Required action. I'd like the data beneath this line reproduced exactly, without any of its images.

Web page caption snippets.
<<<<
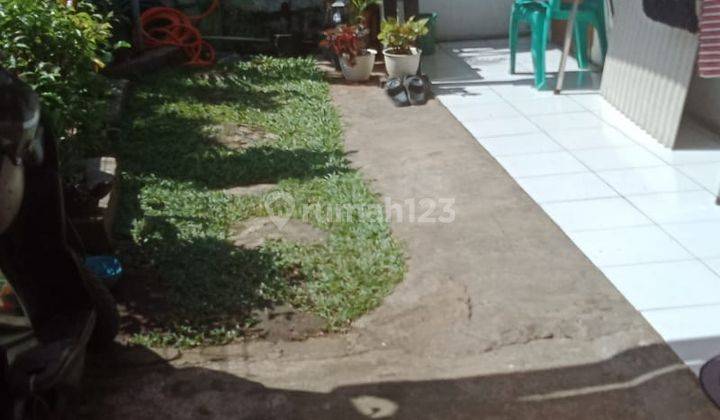 Rumah Jl Karangsari Gg Purwasari Masuk Dari Jl Raya Cibeureum 1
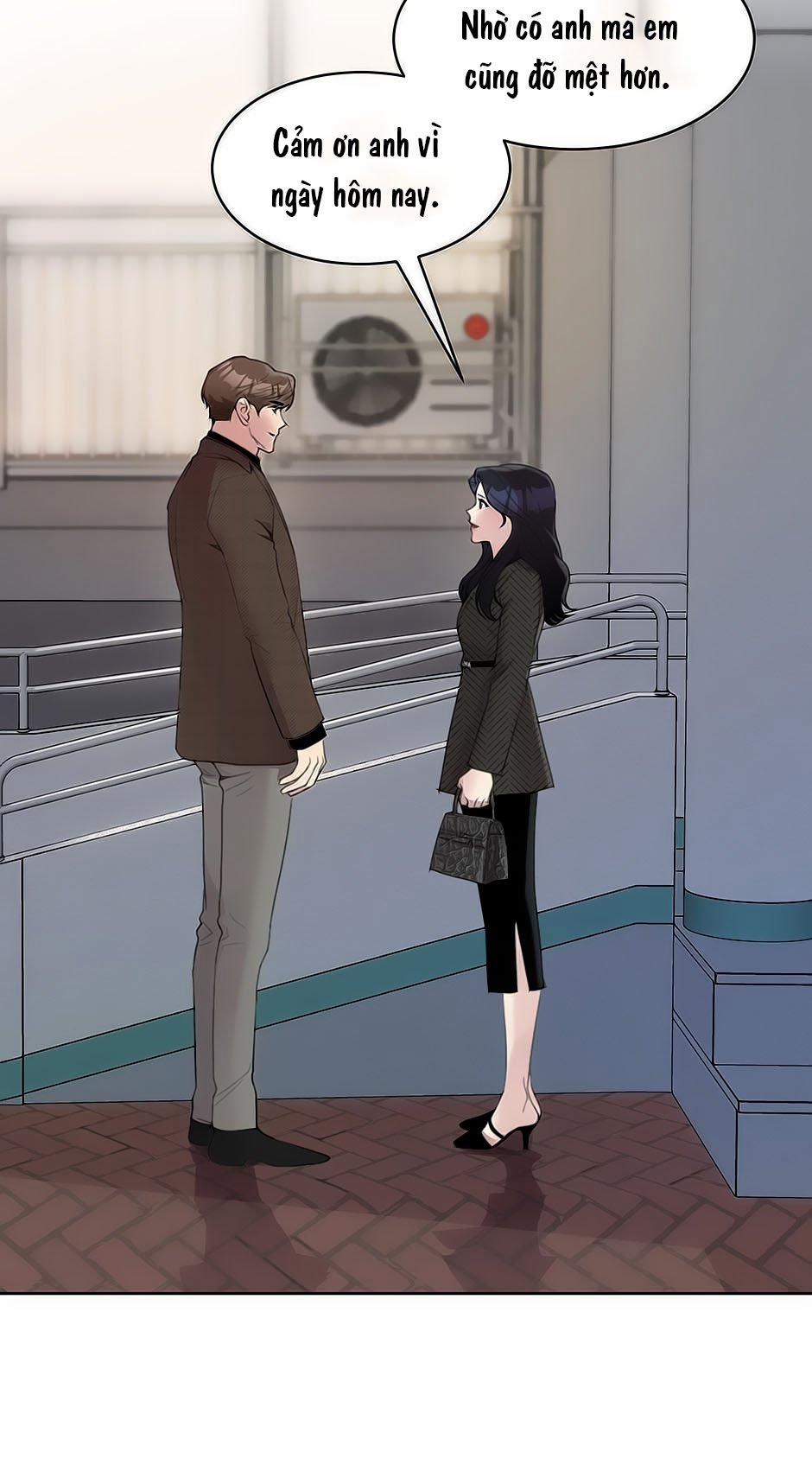 Bà Xã Tôi Đã Trở Lại (My Wife Is Back) 31 trang 12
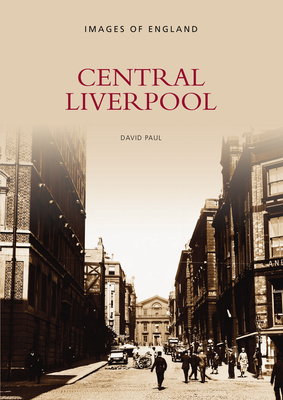 Central Liverpool - David, David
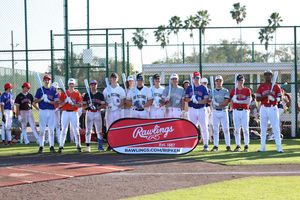 Image post by @baseballfactory on Instagram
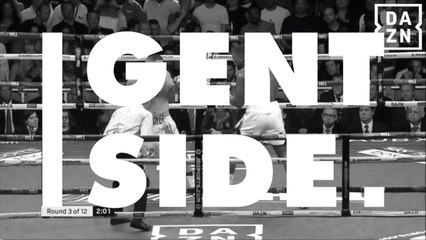 Boxe : Andy Ruiz veut terminer la carrière d'Anthony Joshua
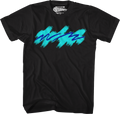 80s Splash T-Shirt product image 1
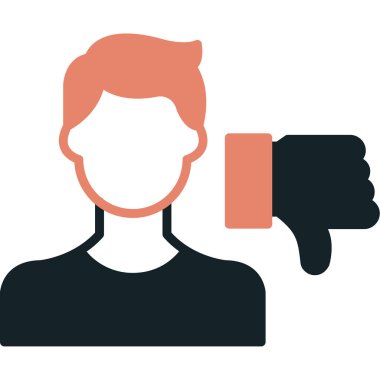 vektör simgesi gibi değil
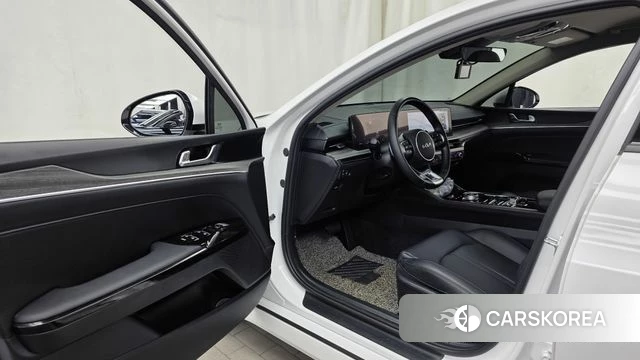 Kia The New K5 3rd generation id 4623259 из Кореи 32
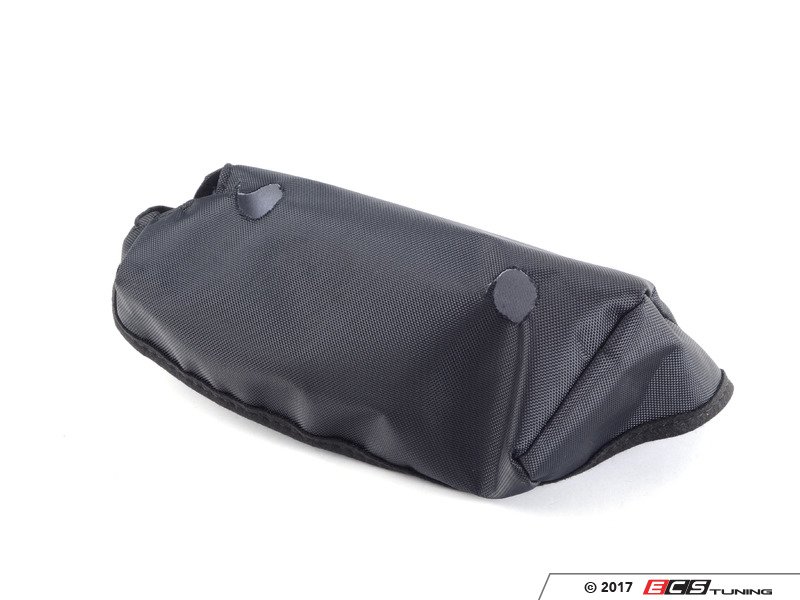 Genuine Volkswagen Audi 5NN061678041 Rear Seat Cover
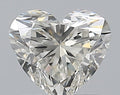 0.75CT HEART VS1 I WH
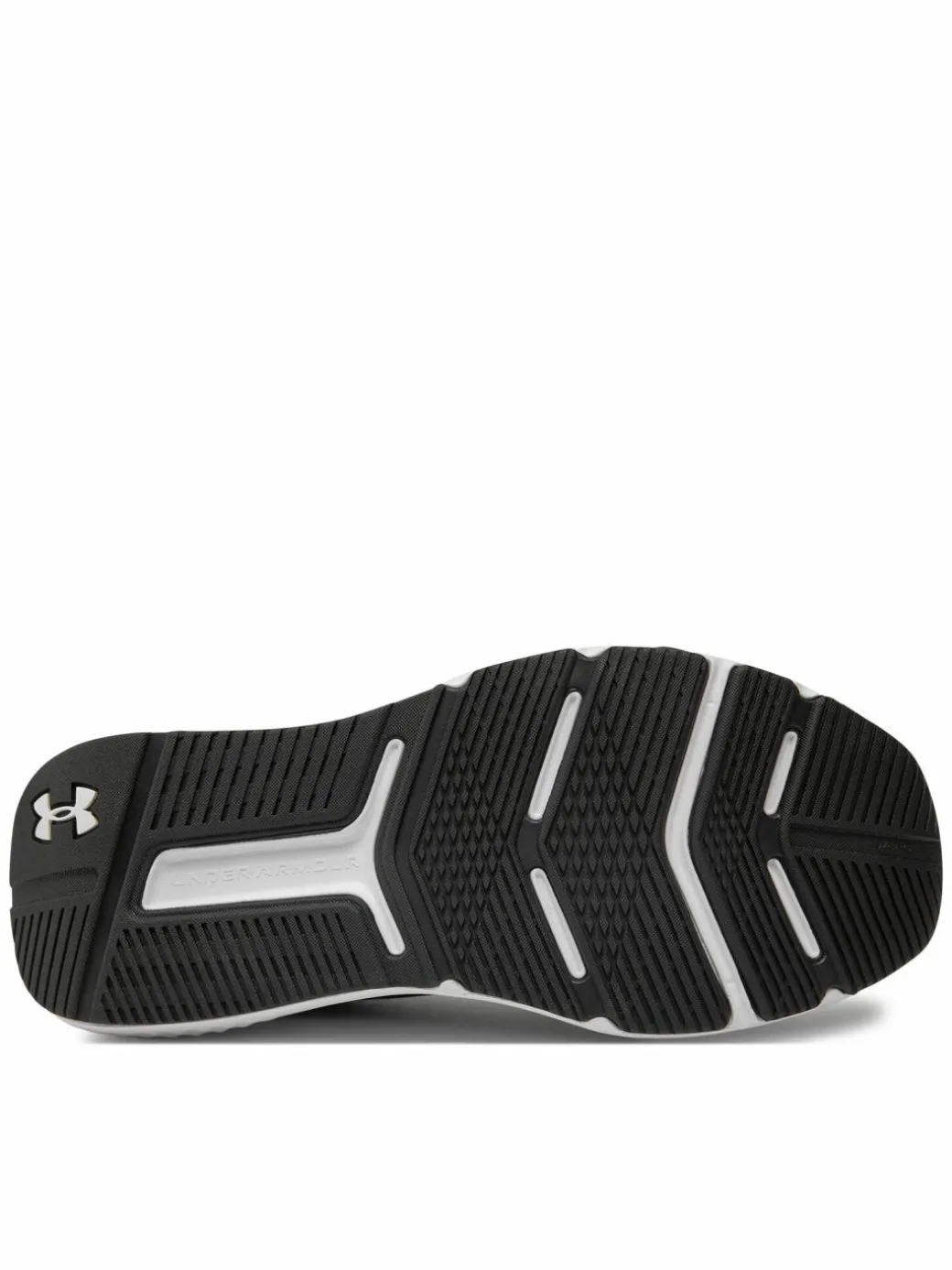 Scarpe da palestra Ua Charged Commit Tr 4 3026017-004 Nero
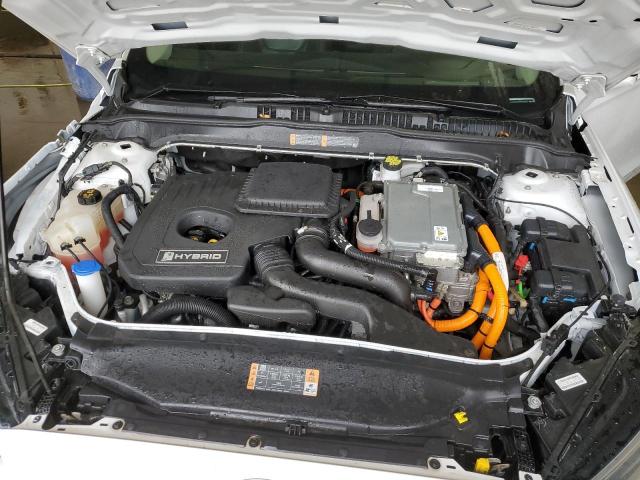 Photo 11 from auction – 2019 FORD FUSION TIT with VIN 3FA6P0RU0KR277624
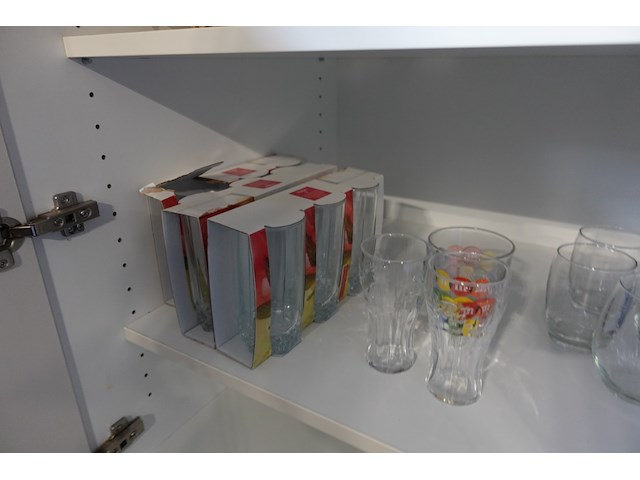 Partij servies - afbeelding 7 van  15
>>>>
Output.
 Rumah Jl Karangsari Gg Purwasari Masuk Dari Jl Raya Cibeureum 1
 Bà Xã Tôi Đã Trở Lại (My Wife Is Back) 31 trang 12
 Central Liverpool - David, David
 Image post by @baseballfactory on Instagram
 Boxe : Andy Ruiz veut terminer la carrière d'Anthony Joshua
 80s Splash T-Shirt product image 1
 vektör simgesi gibi değil
 Kia The New K5 3rd generation id 4623259 из Кореи 32
 Genuine Volkswagen Audi 5NN061678041 Rear Seat Cover
 0.75CT HEART VS1 I WH
 Scarpe da palestra Ua Charged Commit Tr 4 3026017-004 Nero
 Photo 11 from auction – 2019 FORD FUSION TIT with VIN 3FA6P0RU0KR277624
 Partij servies - afbeelding 7 van  15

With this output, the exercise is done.